When Jshell waits for completion of the foreground commands, it automatically reaps the processes involved, and no zombies are left behind. That part is easy. For background jobs, there are two main ways to do it. One uses signals, and the other does not. Signals are a bit tricky, and we'll be covering them in other labs anyway, so I'm not going to discuss them here. You can use them if you want to, but you have to deal with their trickiness on your own.
The other way is to use the wait3() or wait4() system calls to find out about children that have finished. You definitely want to use the WNOHANG option, so that you don't block waiting for background jobs; you should proceed even if there are none that have finished. Since you'll probably report the finished jobs as part of issuing the command prompt, you may as well do the testing there too. You will in this way make sure that you reap the zombies on each input command. You will have to somehow keep track of the pids which have completed for each background job, so that you know when they have all been reaped and it's time to report the background job as completed.

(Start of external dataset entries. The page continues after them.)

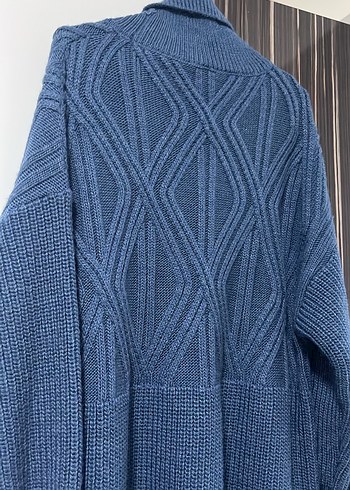 Lacivert Boğazlı Triko Kadın Kazak - Görsel 3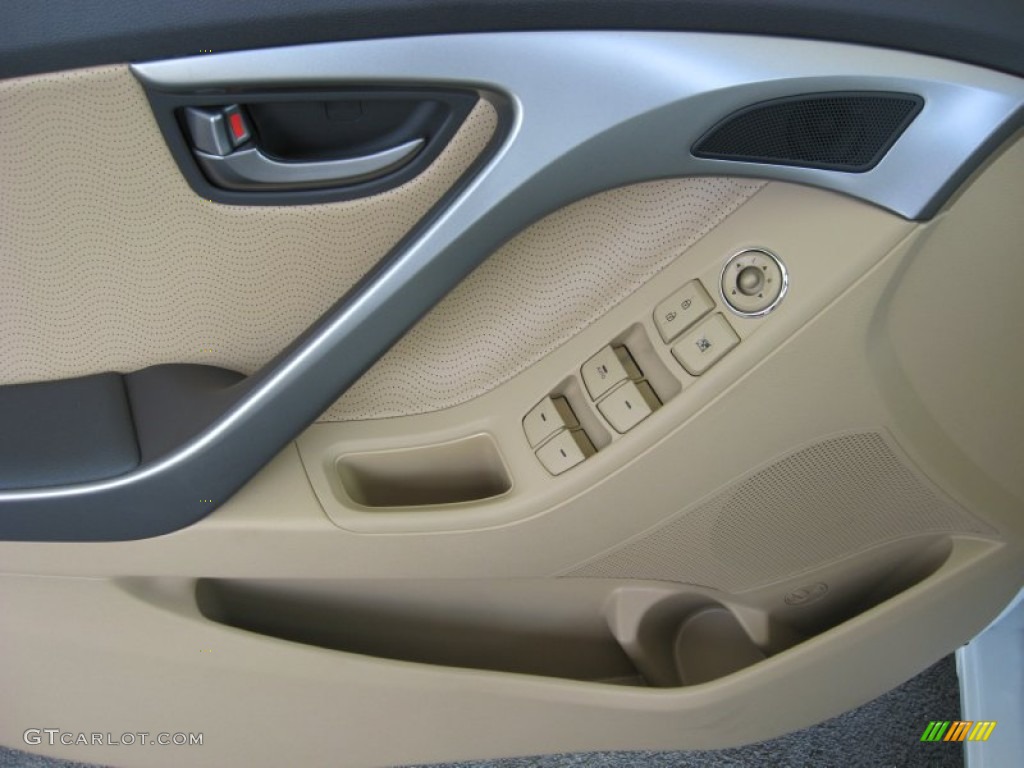 2012 Elantra Limited - Shimmering White / Beige photo #15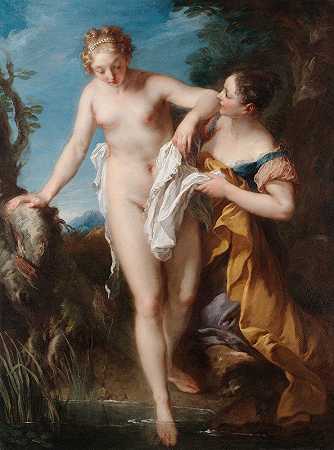 游泳者`The Bather (1724) by François Lemoyne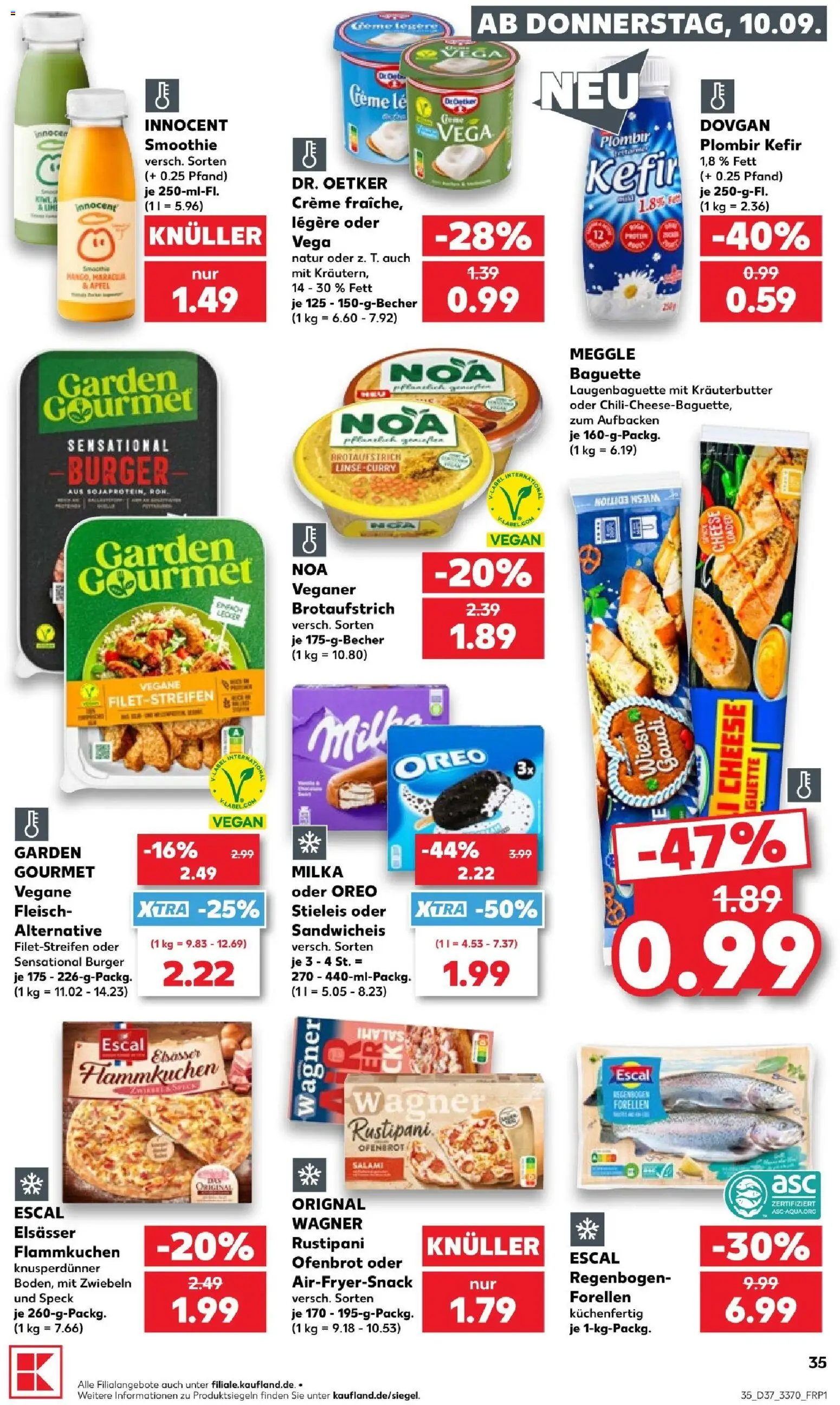 Vorschau von dem Prospekt des Geschäftes Kaufland, gültig ab dem 10.09.2026 - Burger, Äpfel, Kefir, Baguette, Fleisch, Kräuterbutter, Creme, Zwiebeln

You also need to be careful about waiting for the completion of children involved in your foregound pipelines. You want to wait for all of them before you go on to the next line of input, but you don't want to do it too soon. Why not?
It has to do with the pipes involved in the pipeline. The commands in a pipeline are connected by a pipe, and the pipe has a limited capacity. If you start the first command and immediately wait for it to finish, it will do what work it can, but it may or may not be able to finish. In particular, if it generates more than 5120 bytes of output, and sends them into the pipe, only the first 5120 will fit in the pipe, and the child will block, waiting for something to empty the pipe. But this will never happen because your Jshell has not yet started the next command in the pipeline, and no other process is going to do it. So the first command is sending into the pipe and no-one is receiving. The receiving process won't be started until Jshell stops waiting, Jshell won't stop until the current process completes, and it won't complete until the pipe empties ..... This situation is called a deadlock. Two or more processes are waiting for the others to finish; as a result none of them will.
Your solution is to defer waiting for even your foreground processes
until the entire pipeline has been started, and all the commands
are running. In this way, there will be some process listening
to the output side of every pipeline, and work should be able to
proceed.
Debugging Notes
There are lots of techniques for debugging, and you probably already
know a bunch of them. So you may already know about putting in
print statements, and about using debuggers like gdb, but sometimes
things still go wrong, but they never seem to go wrong under the
debugger, and you haven't been able to figure out your problem from
the print statements.
Sometimes that's because you just don't have enough print statements, possibly because there's too much output for you to be able to sort through it while the program runs. That's a job for script(1). This is a command that captures the contents of an interactive session for later examination. Check out the man page.
Sometimes you need to know what system calls are being used, and in particular, if your program gets hung, you want to know what system call is being executed. The strace(1) tool may help you with this. This will log all of your system calls, and can even log the system calls of your children. Check out this man page too. Just be aware that if you hang in a system call, the very last one may or may not be logged; I honestly don't remember. But strace has been very good to me over time, you probably want to make friends with it.